DiscourseAi::Completions::Endpoints::OpenAi: status: 429 - body: {“error”:{“message”:“Rate limit reached for model openai/gpt-oss-120b in organization org_01kccx1be8fffaz5sbe17 service tier on_demand on tokens per day (TPD): Limit 200000, Used 193487, Requested 7464. Please try again in 6m50.832s. Need more tokens? Upgrade to Dev Tier today at https://console.groq.com/settings/billing",“type”:“tokens”,“code”:"rate_limit_exceeded”}}

Then I paused the service for 24 hours for the daily rate limits to reset.
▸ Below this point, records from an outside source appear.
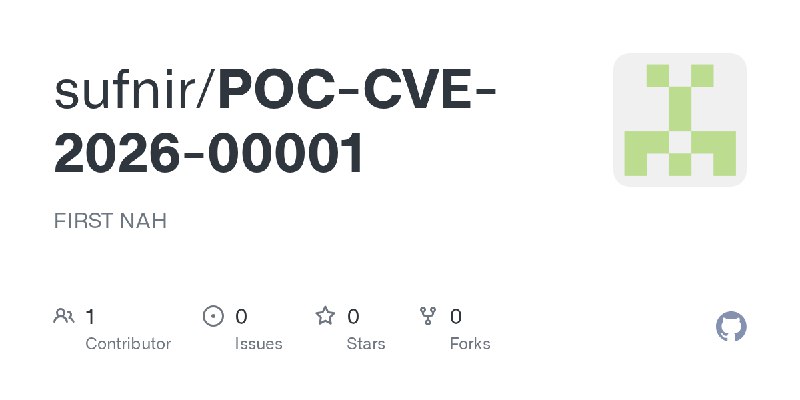 GitHub - sufnir/POC-CVE-2026-00001: FIRST NAH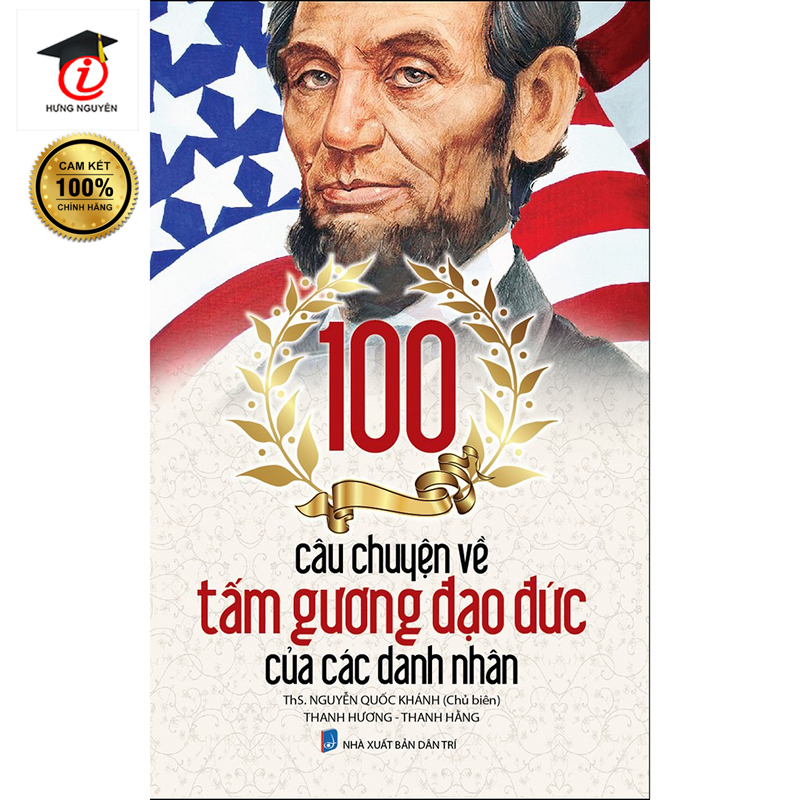Sách 100 Tấm gương đạo đức của các danh nhân - NXB Dân trí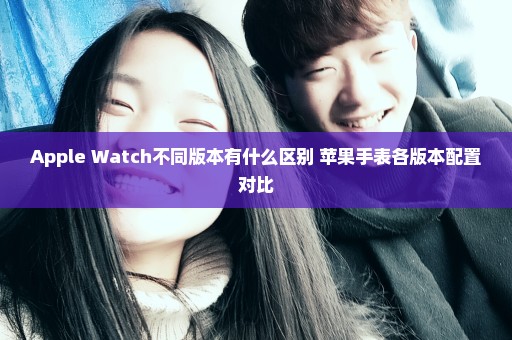 Apple Watch不同版本有什么区别 苹果手表各版本配置对比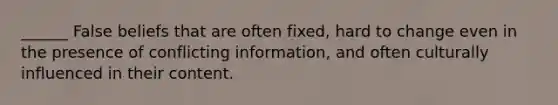 ______ False beliefs that are often fixed, hard to change even in the presence of conflicting information, and often culturally influenced in their content.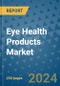 Eye Health Products Market - Global Industry Analysis, Size, Share, Growth, Trends, and Forecast 2031 - By Product, Technology, Grade, Application, End-user, Region: (North America, Europe, Asia Pacific, Latin America and Middle East and Africa) - Product Thumbnail Image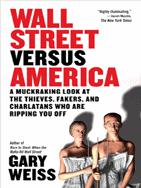 Wall Street Versus America : The Rampant Greed and Dishonesty That Imperil Your Investments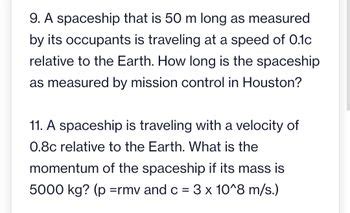 Answered: 11. A spaceship is traveling with a velocity of 0.8c relative ...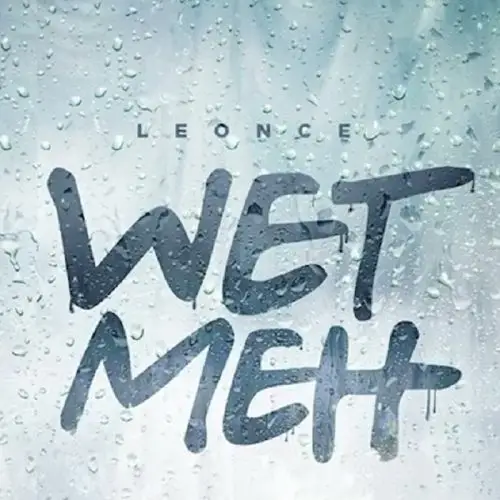 leonce - wet meh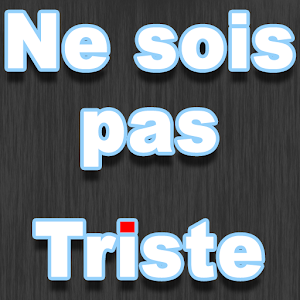 Download Ne Sois Pas Triste For PC Windows and Mac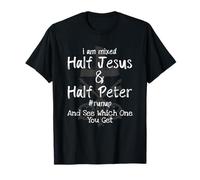 I Am Mixed Half Jesus And Half Peter Christian #Runup Gift Maglietta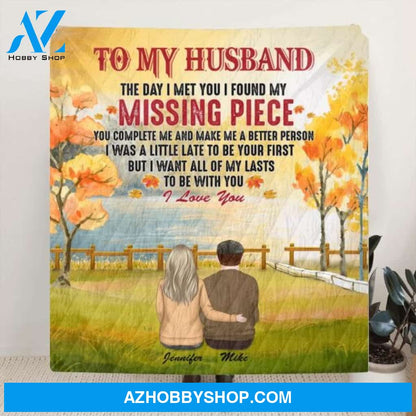 Custom Personalized To My Husband Quilt/Fleece Blanket - Best Gift For Couple/Family - The Day I Met You I Found My Missing Piece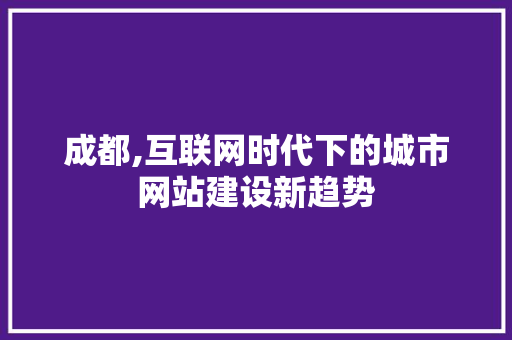成都,互联网时代下的城市网站建设新趋势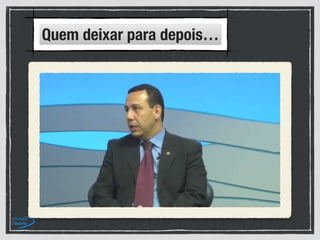 Quem deixar para depois…
 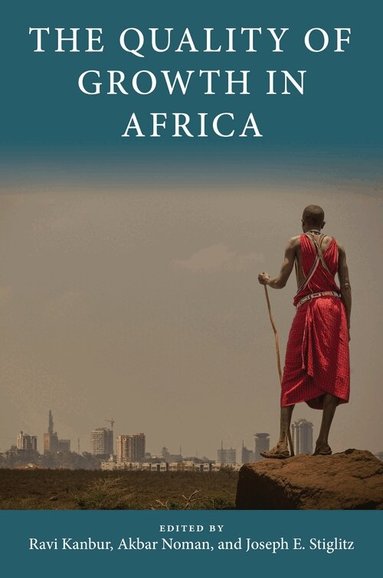 Akbar Noman, Joseph E. Stiglitz, Ravi Kanbur - Quality of Growth in Africa, Inbunden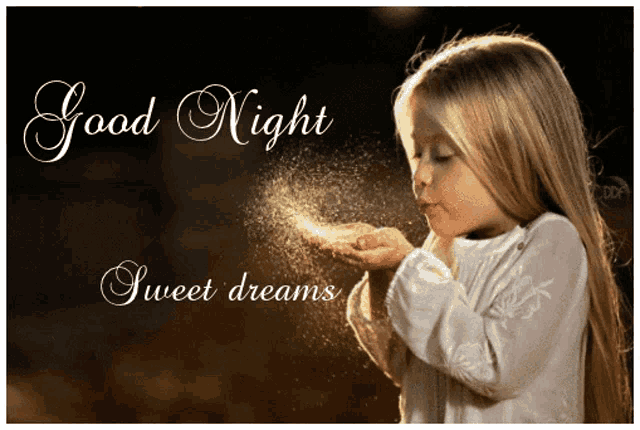 a little girl blowing glitter from her hands with the words good night sweet dreams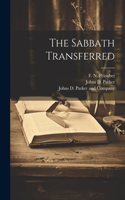 Sabbath Transferred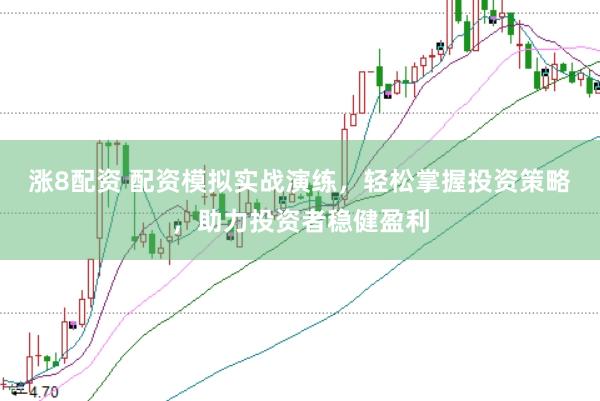 涨8配资 配资模拟实战演练，轻松掌握投资策略，助力投资者稳健盈利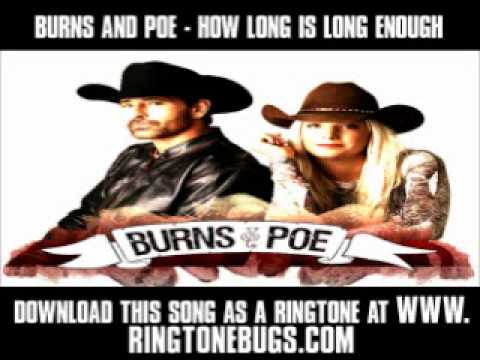 Burns And Poe - How Long Is Long Enough [ New Video + Lyrics + Download ]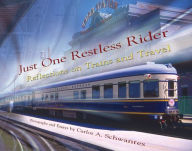 Title: Just One Restless Rider: Reflections on Trains and Travel, Author: Carlos A. Schwantes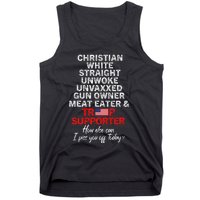 Trump Supporter Christian White Straight Unwoke Unvaxxed Tank Top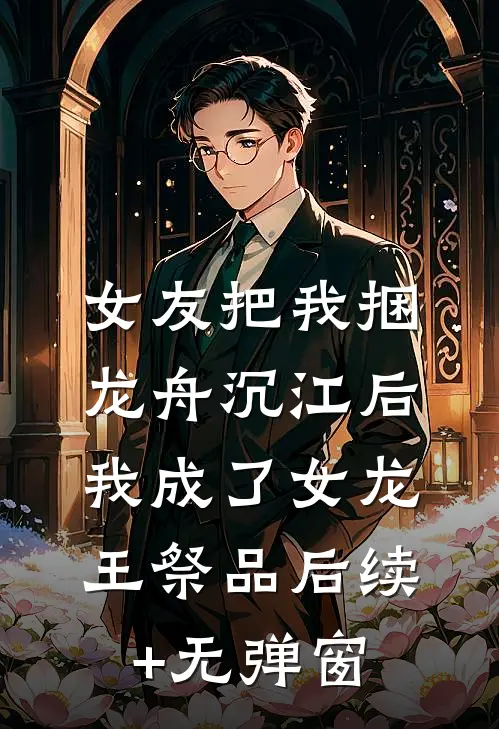 女友把我捆龙舟沉江后，我成了女龙王祭品后续+无弹窗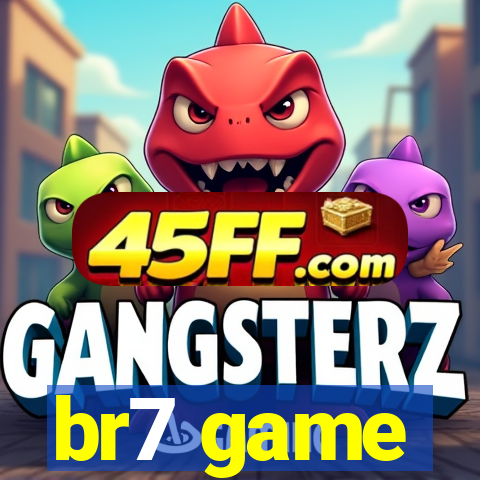 br7 game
After restarting it then I noticed this error:

DiscourseAi::Completions::Endpoints::OpenAi: status: 413 - body: {“error”:{“message”:“Request too large for model openai/gpt-oss-120b in organization org_01kccx1be8fffaz5sbe17 service tier on_demand on tokens per minute (TPM): Limit 8000, Requested 8102, please reduce your message size and try again. Need more tokens? Upgrade to Dev Tier today at https://console.groq.com/settings/billing",“type”:“tokens”,“code”:"rate_limit_exceeded”}}

Then I reduced max output tokens from 7000 to 6800 in the LLM configuration and it started working again.

What am I missing here? Are you suggesting it’s related to context window and nothing to do with max output tokens? Just trying to figure out how to match configuration numbers from groq / model limits to discourse LLM configurations.